But Papa Stour community councillor Jane Puckey and resident crofter Andy Holt have expressed concern at the move.

They said there is a feeling the island, located off Shetland’s West mainland, is being used as “guinea pigs in this trial with scant thought being given as to how we view it”.

“The Papa folk rely on the ferry for their livelihood and even what might be perceived as ‘only a month’s trial’ could cause major inconvenience and disruption for everyone,” they said.

Jane Puckey.

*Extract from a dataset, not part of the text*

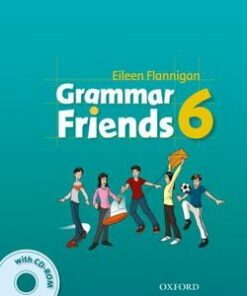 Grammar Friends 6 Student's Book with CD-ROM - Eileen Flannigan - 9780194780179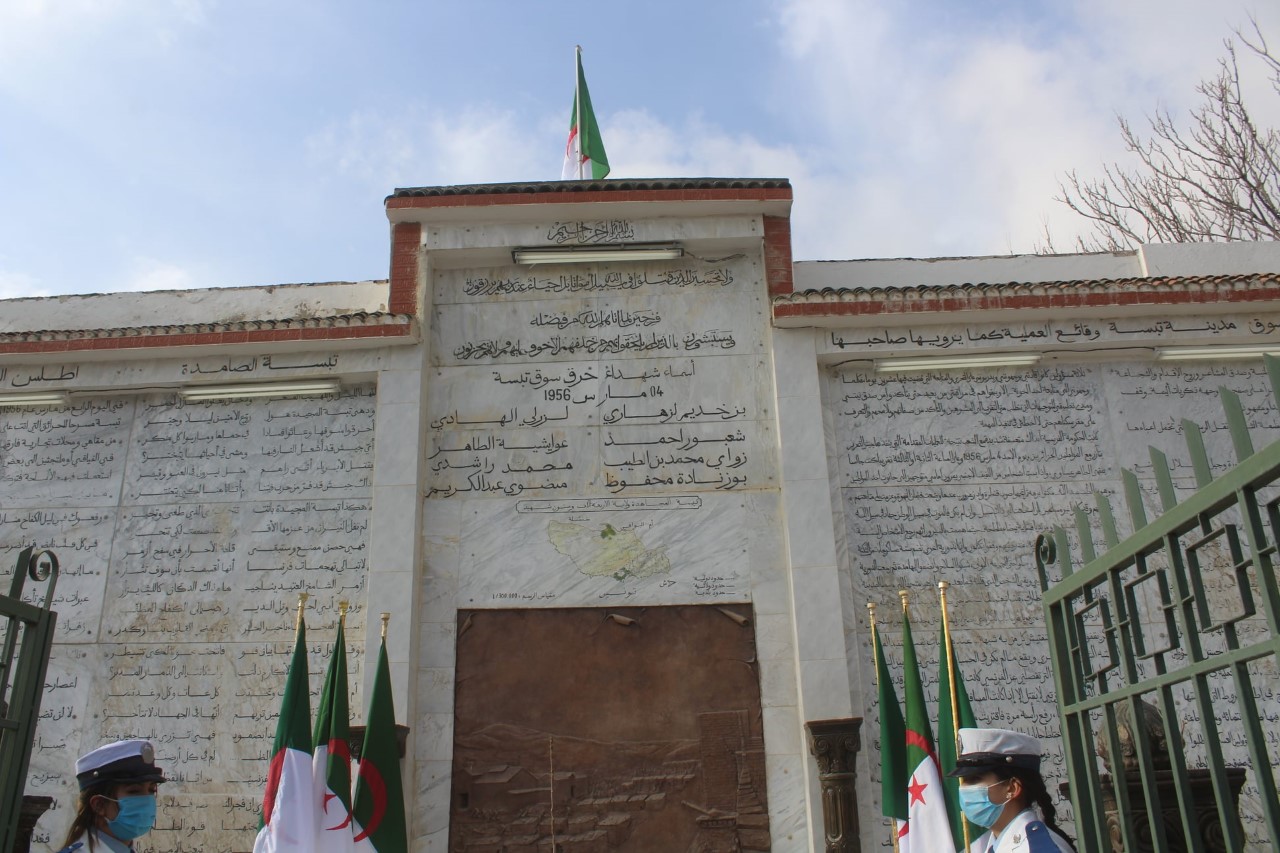 Tébessa : Le 4 mars 1956, incendie du marché du centre-ville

Photo: Chris Cope/Shetland News

The pair also stressed the importance of having the Snolda ready to “pick up the slack” if the electric boat encounters any problems.

“Ideally they two should run alongside each other for the duration of the trial,” they said.

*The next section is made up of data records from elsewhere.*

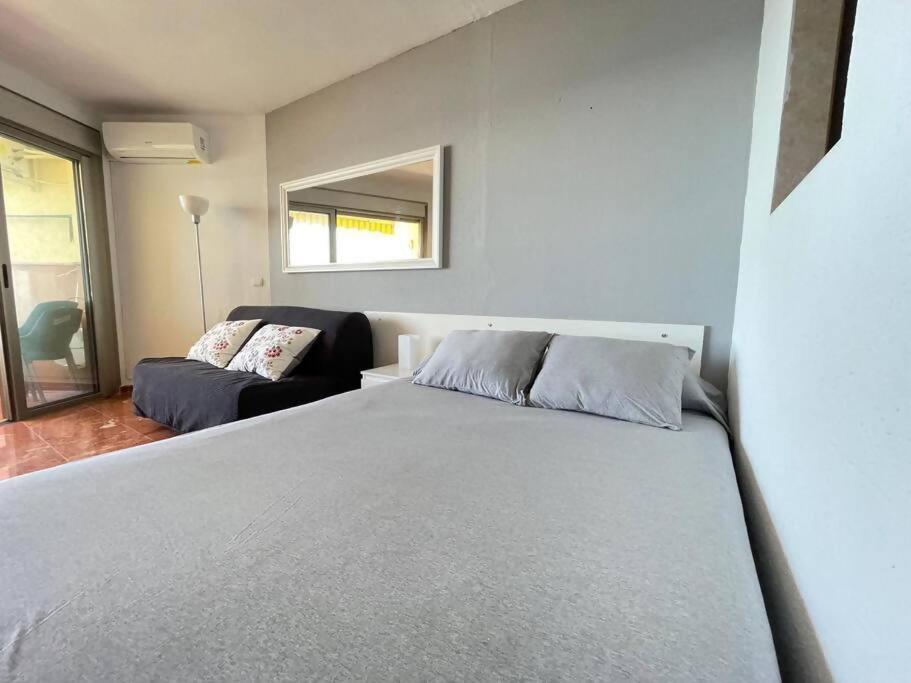 Estudio Miramarprimera Linea Playa Amazing Views Benalmádena Dış mekan fotoğraf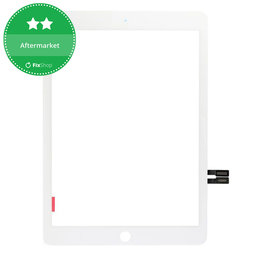 Apple iPad (6th Gen 2018) - Touchscreen Front Glas (White)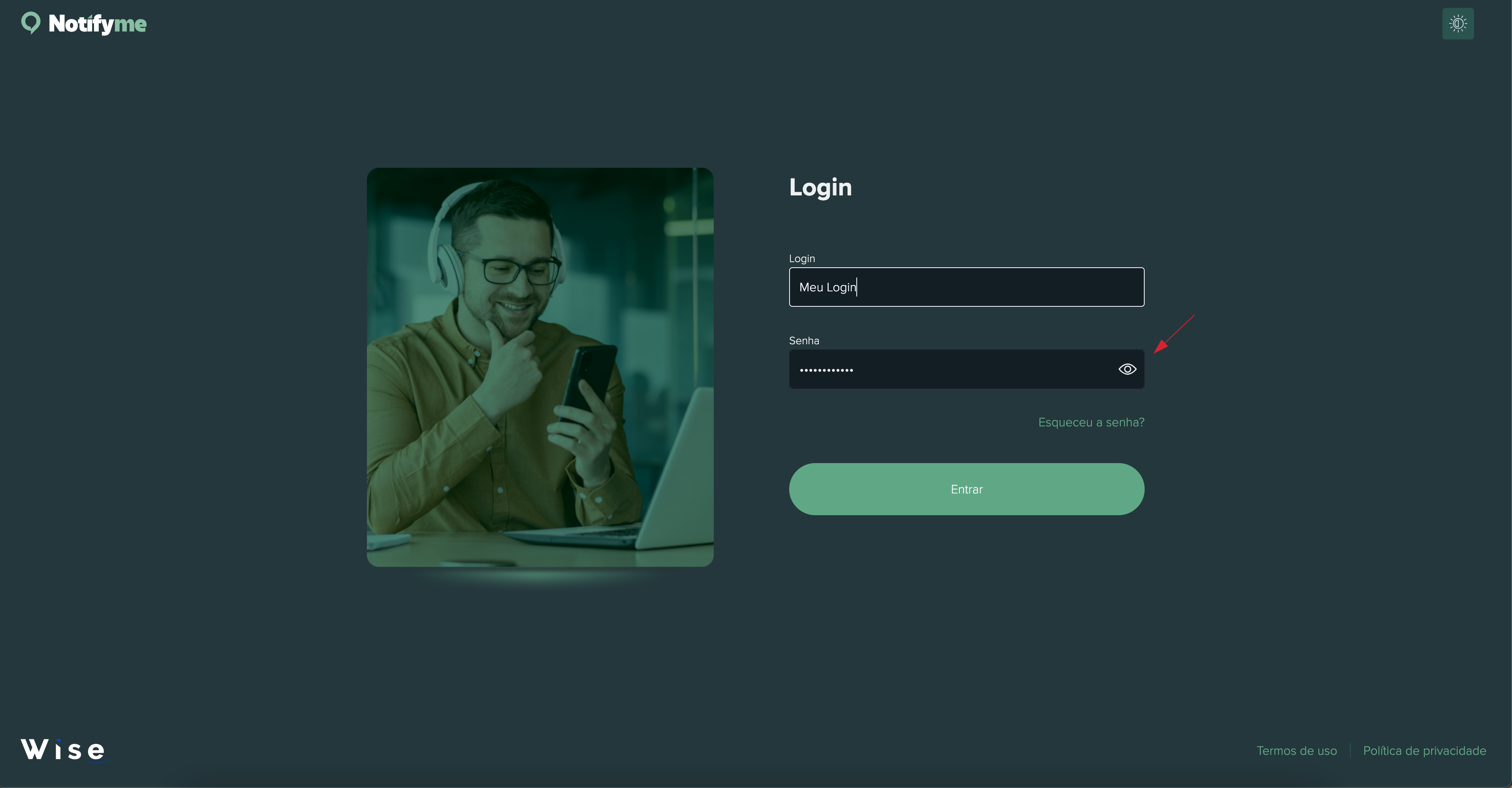 Login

The image of a prototype vessel which was released by Coastal Workboats last week has also given residents some concern.

They suggest the design mooted in the prototype would be too small in terms of capacity and would not be able to carry the present level of traffic, whilst it appears to lack lifting gear.

The pair also raised the shallow draft of the prototype boat, pondering if it would restrict sailings due to weather conditions on the route.

Meanwhile Puckey and Holt are also seeking assurance that the council will not “outsource our present trustworthy and highly efficient council run ferry service to a private company or to run the service in conjunction with the Foula service”.

The government funding for the project came from the Clean Maritime Demonstration Competition.

The estimated total cost of the project sits at around £9 million.

Evolving marine technology is of interest locally considering around half of Shetland Islands Council’s emissions come from the diesel-powered inter-island ferry fleet.

Fixed links have been talked up as a more environmentally solution in the long-term, but these would not be suitable for routes to more remote islands like Papa Stour.